Qualiac database unavailable

Description

Qualiac database was not available during in the early morning on 07.03.2012 . Interactive Qualiac users were not able to use the system.

Impact

Qualiac application was not available. Overnight extractions from other databases did not complete/execute, leading to manual data input by AIS.

Time line of the incident

  • 06-Mar-12 18:00 - Anton Topurov: Scheduled database stop, creating of snapshots of NAS volumes, and start of the database.
  • 07-Mar-12 03:16 - Enterprise Manager alarm on dump area used 97%
  • 07-Mar-12 03:27 - Volume mounted to /ORA/dbs00/WCERNP, which hosts online redo logs has reached it maximum possible size ( up to autosize maximum) and database crashed.
  • 07-Mar-12 03:40 - NAS alarm on volume full
  • 07-Mar-12 06:50 - Jan Janke (user) complains about access to Qualiac
  • 07-Mar-12 07:43 - Eric Grancher adds extra space to the volume, database available again
  • 07-Mar-12 07:48 - Jean-Luc Dublet restarts the Qualiac job launcher.
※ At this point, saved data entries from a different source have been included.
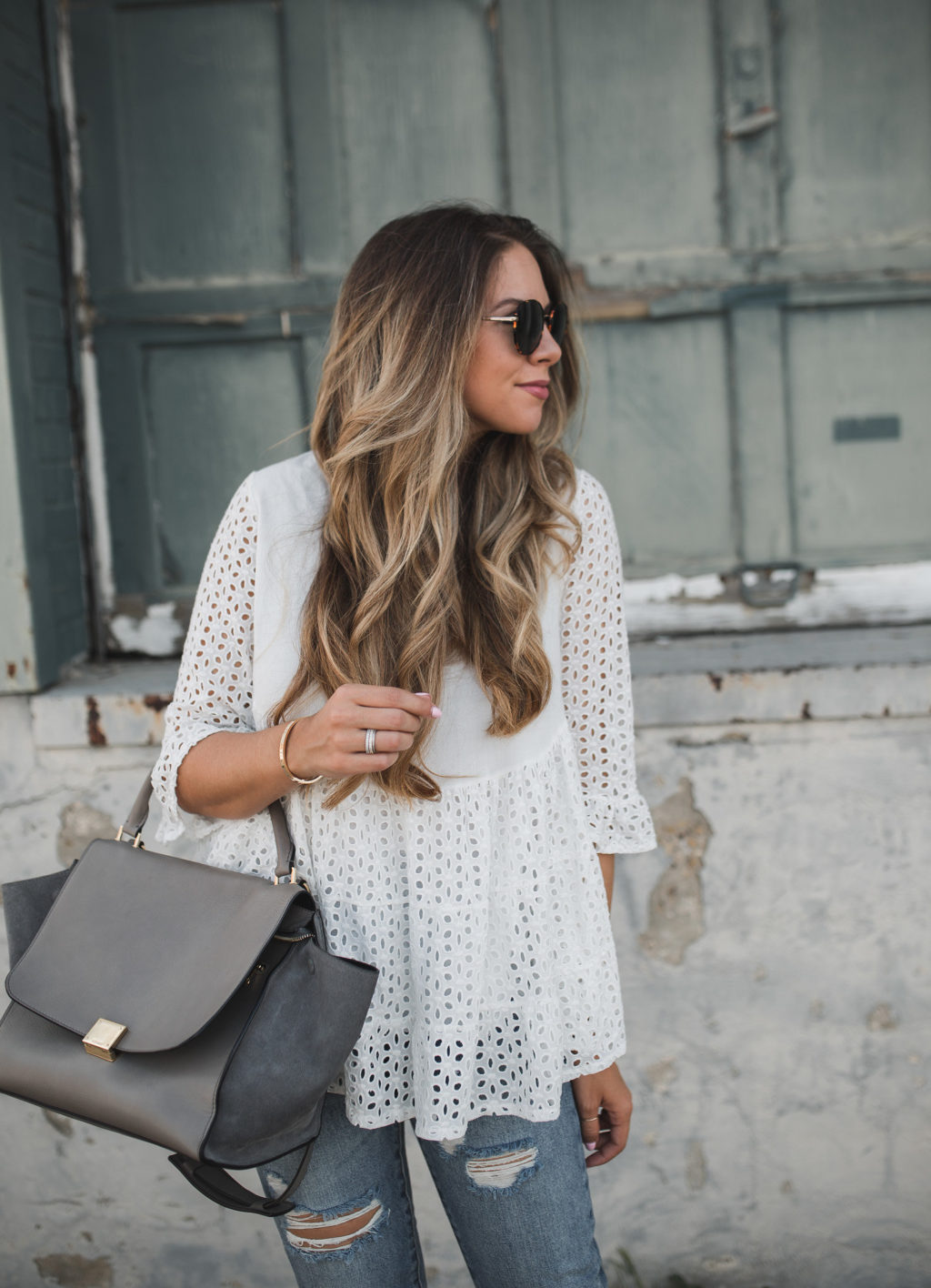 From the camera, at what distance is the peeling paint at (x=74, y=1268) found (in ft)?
7.53

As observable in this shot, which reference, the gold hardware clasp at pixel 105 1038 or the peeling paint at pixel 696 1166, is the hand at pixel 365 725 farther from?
the peeling paint at pixel 696 1166

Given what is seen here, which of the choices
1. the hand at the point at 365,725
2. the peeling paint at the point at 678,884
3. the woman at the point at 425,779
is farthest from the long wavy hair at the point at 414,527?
the peeling paint at the point at 678,884

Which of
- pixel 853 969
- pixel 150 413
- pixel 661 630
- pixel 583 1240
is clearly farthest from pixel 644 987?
pixel 150 413

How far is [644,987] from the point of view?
221 cm

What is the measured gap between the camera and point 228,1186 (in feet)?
3.69

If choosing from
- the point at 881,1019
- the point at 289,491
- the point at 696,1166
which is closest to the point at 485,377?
the point at 289,491

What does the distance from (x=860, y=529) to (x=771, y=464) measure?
0.25m

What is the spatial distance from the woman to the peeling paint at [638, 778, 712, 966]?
0.85m

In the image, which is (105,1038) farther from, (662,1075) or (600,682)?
(662,1075)

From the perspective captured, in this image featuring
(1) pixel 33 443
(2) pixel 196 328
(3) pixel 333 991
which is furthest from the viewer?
(2) pixel 196 328

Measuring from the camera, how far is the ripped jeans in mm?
1277

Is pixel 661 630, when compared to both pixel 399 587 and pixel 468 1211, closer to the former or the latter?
pixel 399 587

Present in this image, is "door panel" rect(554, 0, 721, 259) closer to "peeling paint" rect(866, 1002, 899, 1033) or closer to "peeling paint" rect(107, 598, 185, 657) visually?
"peeling paint" rect(107, 598, 185, 657)

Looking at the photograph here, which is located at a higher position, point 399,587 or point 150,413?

Qualiac service fully available again.

Analysis

  • In order to facilitate the pre-migration tests of Qualiac to Safehost, a consistent copy of Qualiac database was needed. To achieve that, NAS snapshot technology was used, by creating snapshots on all the volumes while database is down, then copying the content of the snapshots to the destination Safehost machine.
  • The intervention was done outside working hours and the copy of datafiles was started at 18:30, let to run overnight. Snapshots were to be removed next morning once the copy is finished.
  • Expecting that snapshots use reserved space, and not the space of the volume, only 3GB of free space was available on the volume, hosting online redo logs. However, by default snapshots are not configured to have space reserved, and therefore used the space of the volume itself.
  • Since the files in dbs00 are around 7GB ( the online redo logs was 6 x 1GB ), this lead that snapshot of the volume, depending on the activity of the database can grow up to 6-7GB, depending on the activity of the database. Due to the scheduled extraction works during the night, Qualiac database is quite active, and therefore the snapshot of the redo logs used all the available space of the volume.
  • Once the volume was full and unable to autoextend any more, the database crashed due to inability to write in the dump area and to the redo log.

Follow up

  • New procedures being discussed - to be updated!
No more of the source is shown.